▶ [Exercise directions]: Reproduce the lines below exactly, from the one containing "Kit Pintura Numerada" through the one containing "Purpledi Gnomi Natalizi", both included. Leave out any pictures.

::: Dataset entries :::

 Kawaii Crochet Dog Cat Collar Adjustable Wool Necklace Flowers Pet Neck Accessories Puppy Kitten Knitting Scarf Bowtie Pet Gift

:::
::: Dataset entries :::

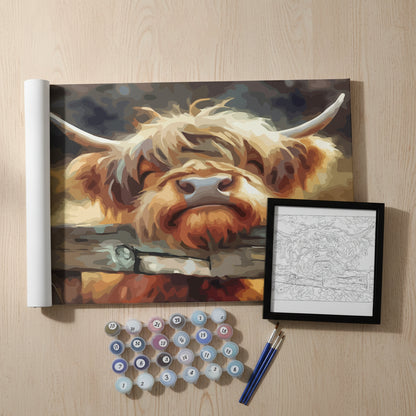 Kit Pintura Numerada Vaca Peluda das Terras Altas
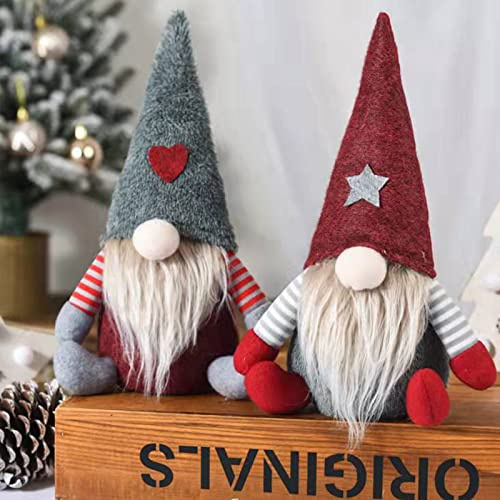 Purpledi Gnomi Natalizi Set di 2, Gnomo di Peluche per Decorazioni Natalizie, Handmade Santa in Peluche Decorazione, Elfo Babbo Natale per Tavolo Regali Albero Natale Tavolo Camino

:::
::: Dataset entries :::

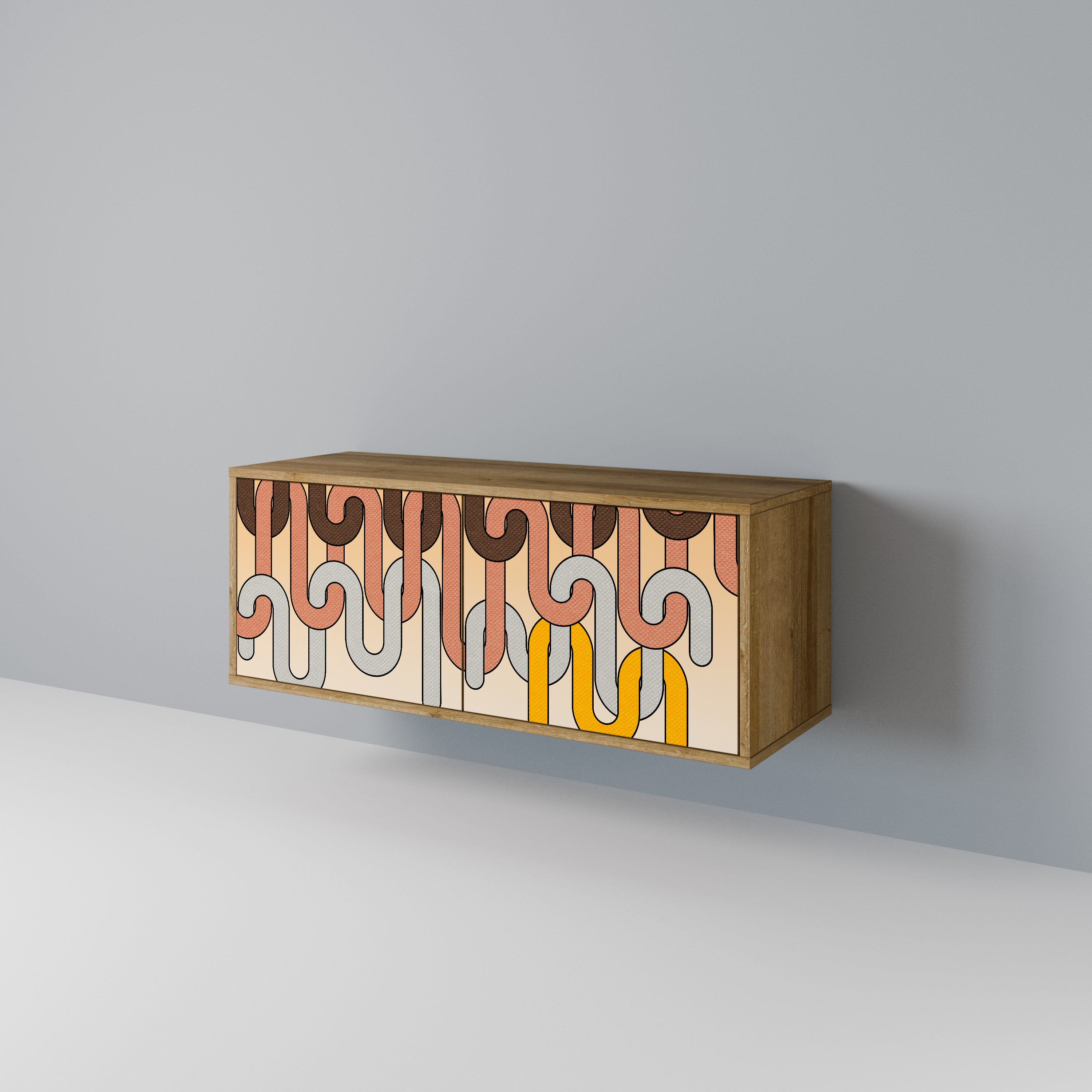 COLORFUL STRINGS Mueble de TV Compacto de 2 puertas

:::

▶ [The answer]:
 Kit Pintura Numerada Vaca Peluda das Terras Altas
 Purpledi Gnomi Natalizi Set di 2, Gnomo di Peluche per Decorazioni Natalizie, Handmade Santa in Peluche Decorazione, Elfo Babbo Natale per Tavolo Regali Albero Natale Tavolo Camino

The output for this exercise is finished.